**What is being asked**
With the pictures omitted, repeat exactly the lines below starting with the line that has "Mann unterschreibt ein Papier" and going on through the line that has "Tallinn, Kristiine linnaosa, Tondi, Sõjakooli".

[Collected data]
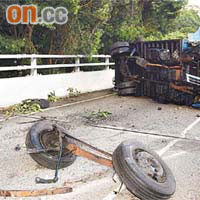 失事貨車翻側，車軸甩脫。	（劉子文攝）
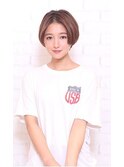 センター分けがポインとのリップ上ショートヘア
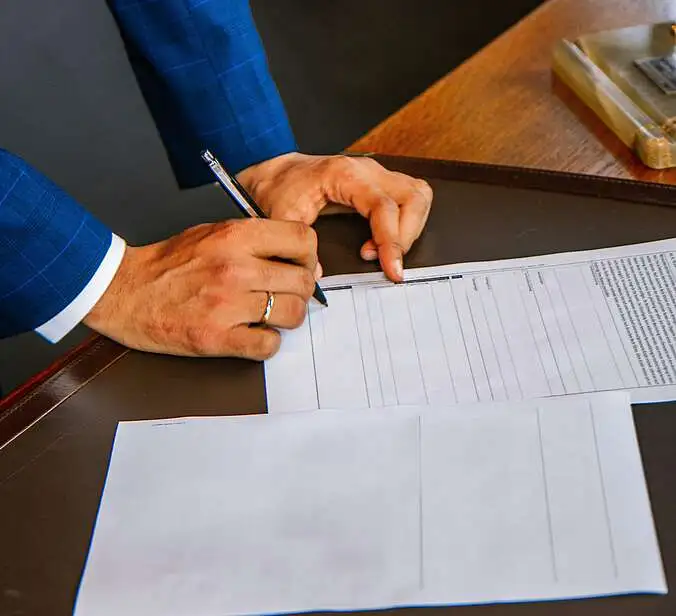 Mann unterschreibt ein Papier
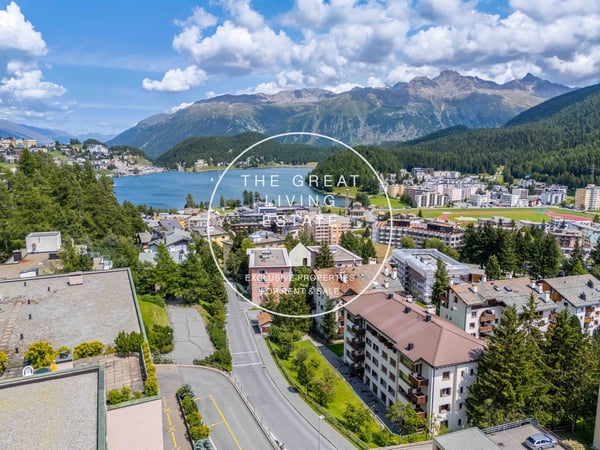 Elegante appartamento arredato di 1.5 locali a St. Moritz con vista panoramica 1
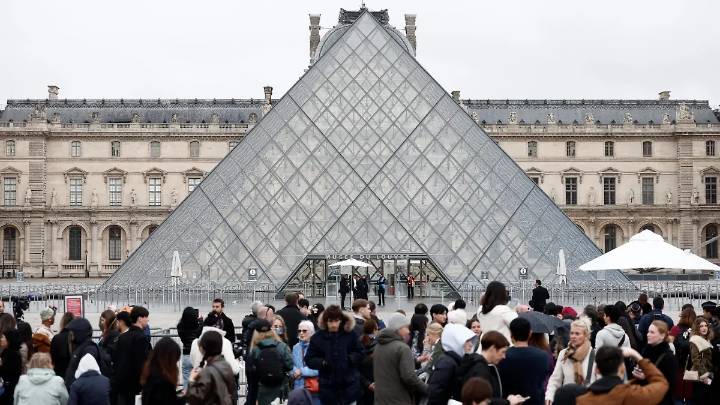 El Museo del Louvre transfiere joyas al Banco de Francia tras robo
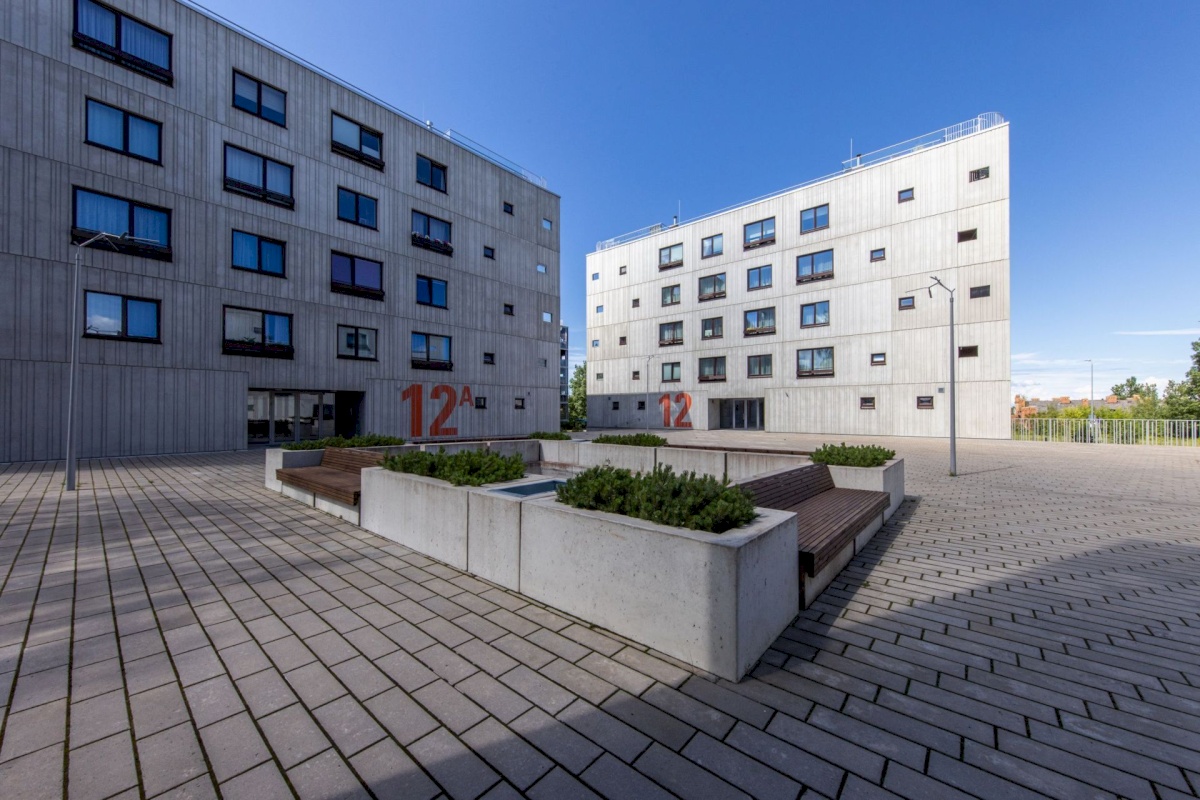 Tallinn, Kristiine linnaosa, Tondi, Sõjakooli 12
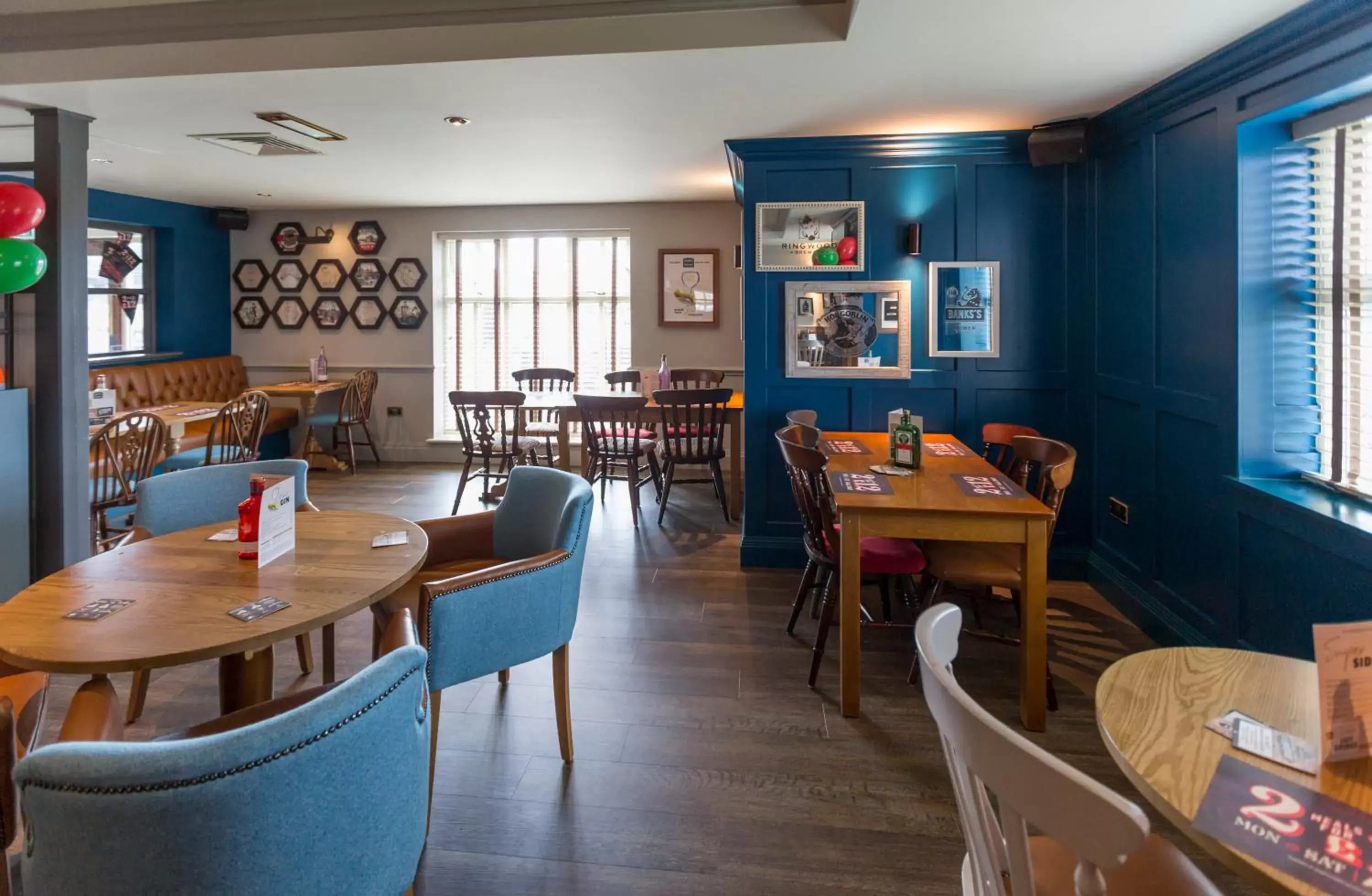 Lounge or bar, Restaurant/Places to Eat in Sessile Oak, Llanelli by Marston's Inns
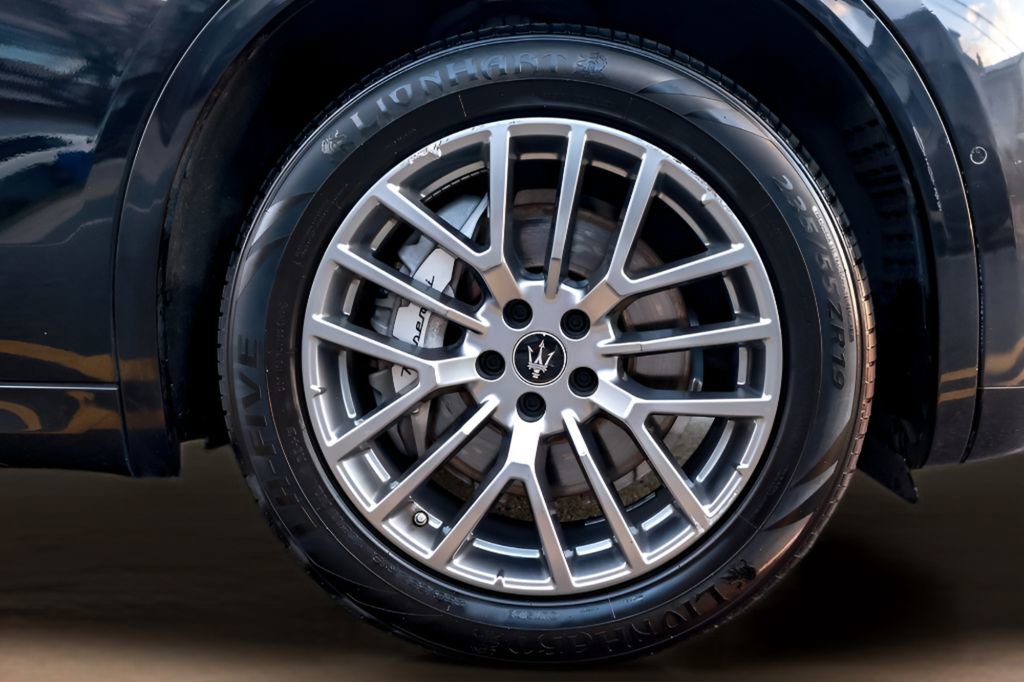 Used 2024 Maserati Grecale GT image 34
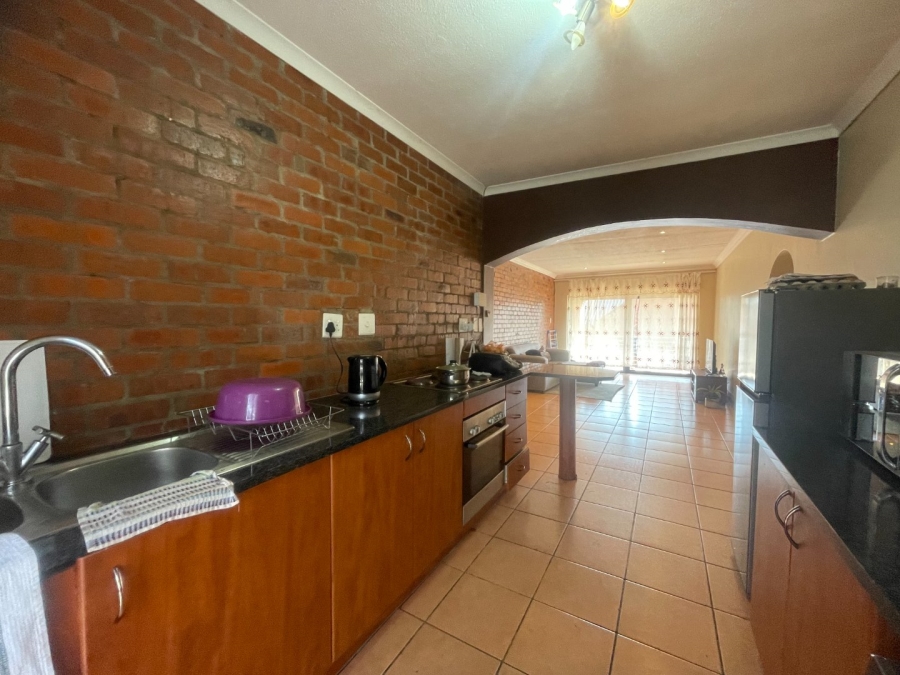 To Let 2 Bedroom Property for Rent in Auckland Park Gauteng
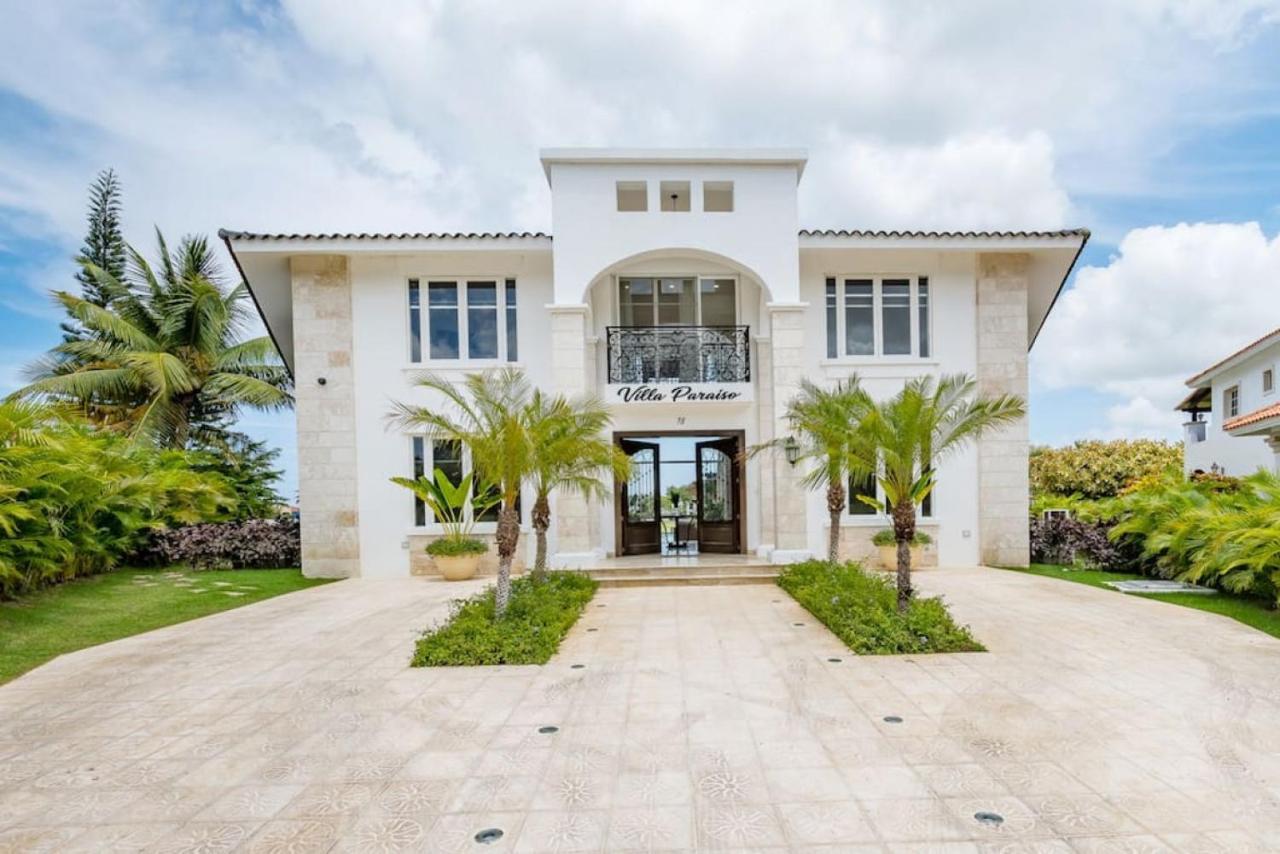 Paraiso Front With Chef And Maids * Punta Cana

**Solution for this exercise**
 Mann unterschreibt ein Papier
 Elegante appartamento arredato di 1.5 locali a St. Moritz con vista panoramica 1
 El Museo del Louvre transfiere joyas al Banco de Francia tras robo
 Tallinn, Kristiine linnaosa, Tondi, Sõjakooli 12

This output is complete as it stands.